No. God is not a troll beneath a bridge expecting all the right answers to riddles he poses before we can cross. God is not the examiner at the Department of Motor Vehicles, mindlessly administering the same test a million times, looking for a 90% to pass.
What we see in the Bible time and again are people of great faith who live on the border of where faith stops and where hesitation begins.
Why is it that we consider the rising sun on the horizon, spilling its light across the land, an event of note, but not the sun sitting brilliantly above at high noon? It’s because the horizon is a line where something new crosses over. And so doubt is not really the antithesis of faith; it is its precursor.
Even at that moment when Jesus’ own disciples had the extraordinary experience of speaking with him after his resurrection on top of a rocky Galilean mountain, while some worshiped him, “some doubted” (literally, “hesitated”). If the risen Christ passed you on the sidewalk, or even entered the room where you are at this very moment, that would not mean that all your doubts in life would disappear in an instant. You would still have to believe.
Faith is a calling. It is backed up by a universe of tangible facts about the goodness and greatness of God. Yet faith is still an extension of trust outward so that we are certain of what we do not see.
Faith is a process. Believing is a flow of relationship—back and forth—a continual conversation of a person and The Person. That’s why faith builds over time. The conversation courses back and forth; you go over old topics you’ve shared with God as well as new subjects, questions you never would have thought to ask years ago. But with each declaration we make to God, whether it’s thanks or praise or pain or anguish, that link gets stronger. And when we listen to God, the certainty that he is there in all of his greatness and goodness becomes firm ground beneath our feet.
For most people, the process of belief-building doesn’t happen along a completely smooth, upward path.
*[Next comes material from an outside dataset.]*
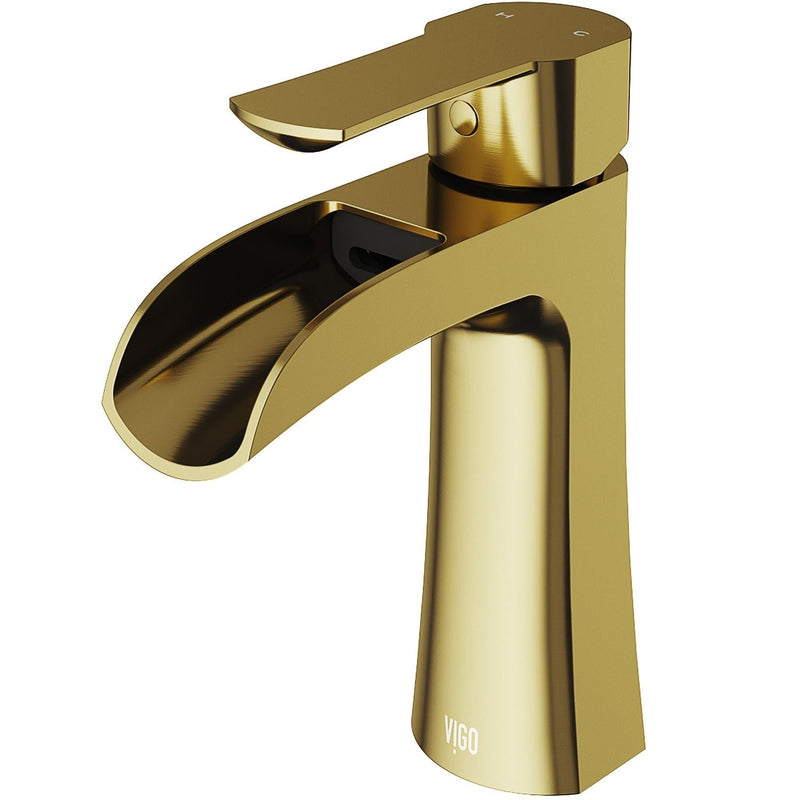 Paloma Single Handle Single Hole Bathroom Sink Faucet, WaterSense Certified, Matte Gold K8Z7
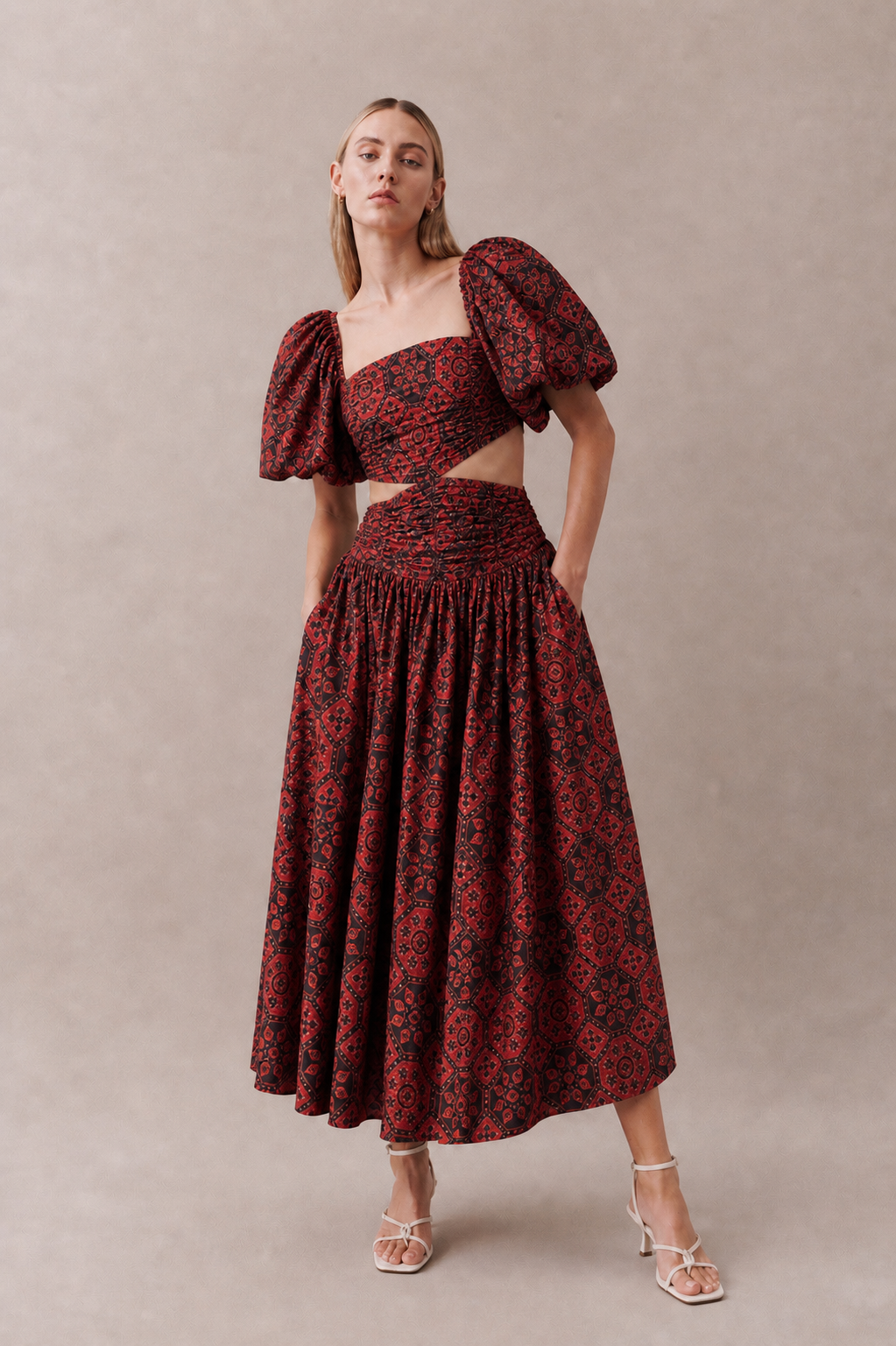 PRINTED MAXI DRESS WITH CUT-OUTS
Building a relationship is not like building an automobile, where each part must be put in place in order by the laws of physical objects. More like a child/parent affinity, believing may surge ahead with new insights and convictions, but may also get bogged down, slowed so that it looks motionless, or even on the slide. We can have fits of temper when we stomp our feet and declare that we will not believe, like a teenager asserting independence. Or we may race down a faith road that is off course, only to find ourselves confused and retracing our steps—if we are wise about it. On our best days, believing is like a walk—steady, progressive, full of considered sensation. It may be the walk of friends, or the march of the soldier into some battleground of life. Our steps toward God are sometimes lunging, at other times running, or creeping, or stumbling. Style is not the issue, and it’s better to fall toward God than away from him. One foot in front of the other, and you’ll be moving toward the destination.
Faith is an invitation. For all the teaching that Jesus did from one village to the next in Galilee, and among the imposing pillars of Solomon’s portico at the temple in Jerusalem, it all boils down to this: Believe. Which is not to say believe in anything you choose. It is an invitation to believe the realities that Jesus explained as meticulously as a carpenter carving and piecing together wood into the furniture of life. It is to believe him, and in him—and in the believing, to gain the “right to become children of God.”